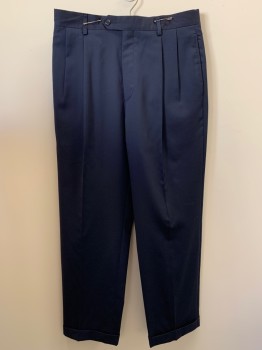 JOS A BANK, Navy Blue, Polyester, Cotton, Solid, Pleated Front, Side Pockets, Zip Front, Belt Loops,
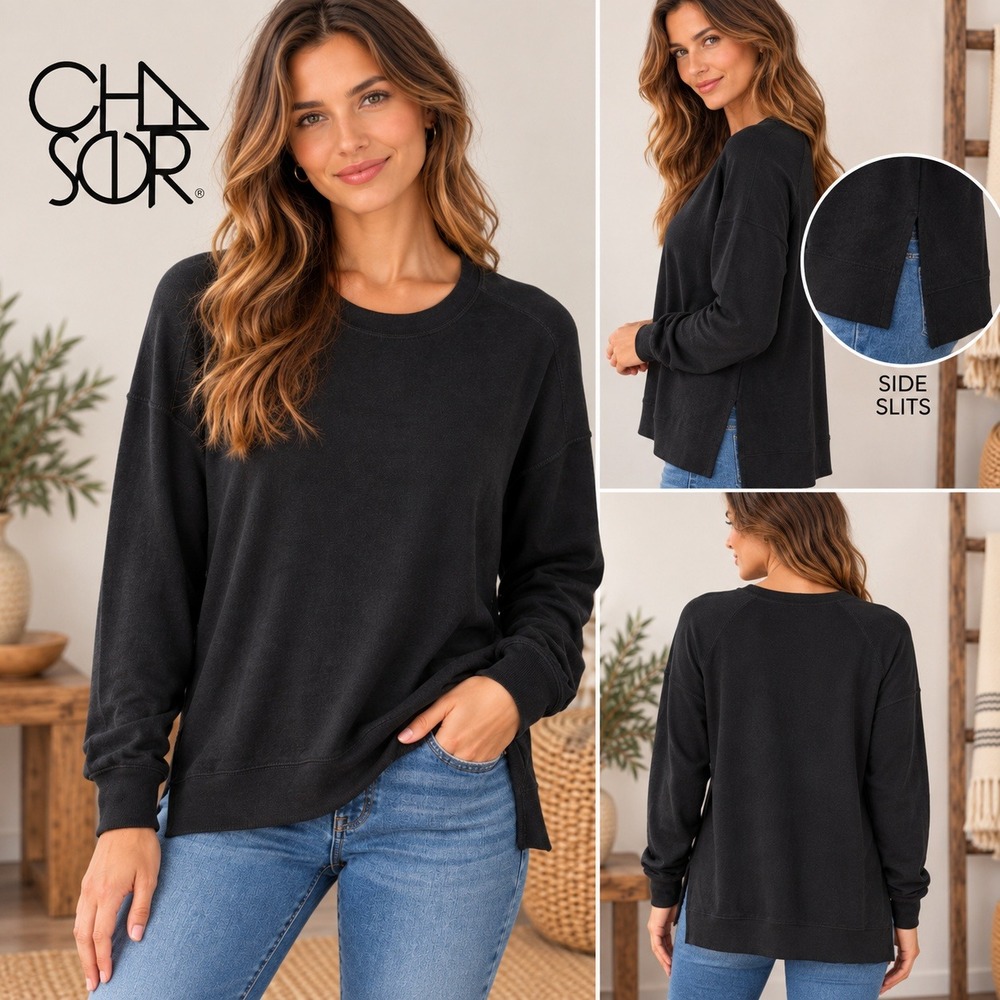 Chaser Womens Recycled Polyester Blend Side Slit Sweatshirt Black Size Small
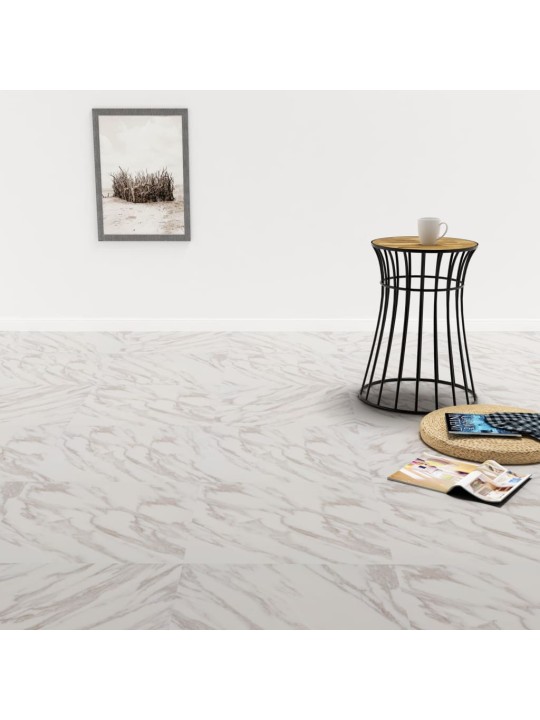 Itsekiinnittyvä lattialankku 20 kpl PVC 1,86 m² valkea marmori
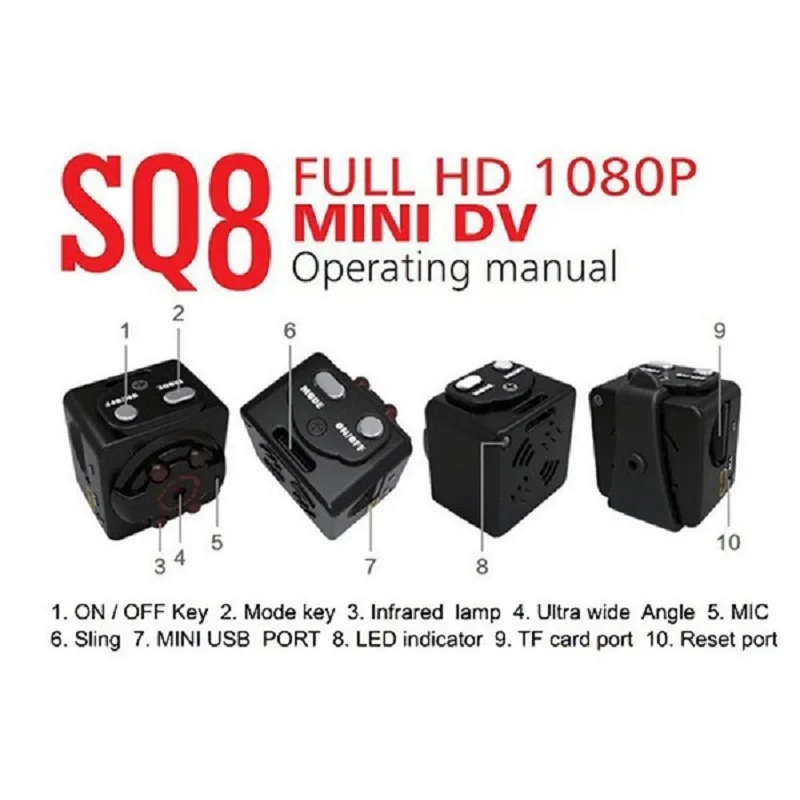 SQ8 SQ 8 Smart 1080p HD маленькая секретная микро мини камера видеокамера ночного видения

• Action item: Return the material exactly as written, except for any pictures it holds.

• Completed exercise:
 JOS A BANK, Navy Blue, Polyester, Cotton, Solid, Pleated Front, Side Pockets, Zip Front, Belt Loops,
 Chaser Womens Recycled Polyester Blend Side Slit Sweatshirt Black Size Small
 Itsekiinnittyvä lattialankku 20 kpl PVC 1,86 m² valkea marmori
 SQ8 SQ 8 Smart 1080p HD маленькая секретная микро мини камера видеокамера ночного видения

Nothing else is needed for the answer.